Bioinformatics Advance Access published online on July 27, 2007
Bioinformatics, doi:10.1093/bioinformatics/btm360
| ||||||||||||||||||||||||||||||||||||||||||||||||||||||||||||||||
AffyProbeMiner: a web resource for computing or retrieving accurately redefined Affymetrix probe sets
1Genomics and Bioinformatics Group, Laboratory of Molecular Pharmacology, Center for Cancer Research, National Cancer Institute, National Institutes of Health, Bethesda, MD 20892, USA
2Department of Biostatistics, Bioinformatics, and Biomathematics, Georgetown University Medical Center, 4000 Reservoir Road, NW, Washington, DC 20007, USA
3Department of Electrical and Computer Engineering, University of Maryland, College Park, College Park, MD 20742, USA
4Department of Information Systems, University of Maryland, Baltimore County, 1000 Hilltop Circle, MD 21050, USA
5Department of Computer Science and Electrical Engineering, University of Maryland, Baltimore County, 1000 Hilltop Circle, MD 21050, USA
6Department of Bioinformatics, George Mason University, Fairfax, Virginia, 20110, USA
7Mathematical and Statistical Computing Laboratory, Division of Computational Bioscience, Center for Information Technology, National Institutes of Health, Bethesda, MD 20892, USA
8SRA International, 4300 Fair Lakes Court, Fairfax, VA 22033, USA
To whom correspondence should be addressed. Prof. Hongfang Liu, E-mail: hl224{at}georgetown.edu
| Abstract |
|---|
Motivation: Affymetrix microarrays are widely used to measure global expression of mRNA transcripts. That technology is based on the concept of a probe set. Individual probes within a probe set were originally designated by Affymetrix to hybridize with the same unique mRNA transcript. Because of increasing accuracy in knowledge of genomic sequences, however, a substantial number of the manufacturer's original probe groupings and mappings are now known to be inaccurate and must be corrected. Otherwise, analysis and interpretation of an Affymetrix microarray experiment will be in error.

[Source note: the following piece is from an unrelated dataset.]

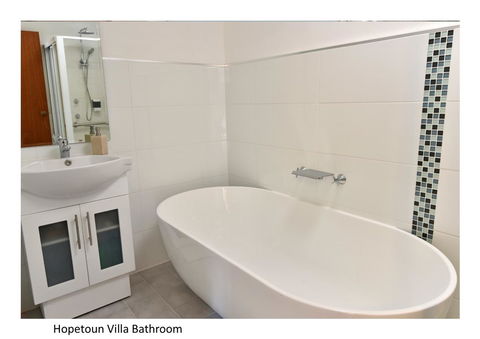 Hopetoun Villa - Accommodation Rockhampton 6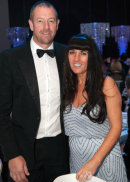 Paul and Annette Jones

Results: AffyProbeMiner is a computationally-efficient platform-independent tool that uses all RefSeqs and validated complete coding sequences in GenBank to (1) regroup the individual probes into consistent probe sets and (2) remap the probe sets to the correct sets of mRNA transcripts. The individual probes are grouped into probe sets that are transcript-consistent in that they hybridize to the same mRNA transcript (or transcripts) and, therefore, measure the same entity (or entities). About 65.6% of the probe sets on the HG-U133A chip were affected by the remapping. Pre-computed regrouped and remapped probe sets for many Affymetrix microarrays are made freely available at the AffyProbeMiner web site. Alternatively, we provide a web service that enables the user to perform the remapping for any type of short-oligo commercial or custom array that has an Affymetrix-format Chip Definition File (CDF). Important features that differentiate AffyProbeMiner from other approaches are flexibility in the handling of splice variants, computational efficiency, extensibility, customizability, and user-friendliness of the interface.
Availability: The web interface and software (GPL open source license), are publicly-accessible at http://discover.nci.nih.gov/affyprobeminer.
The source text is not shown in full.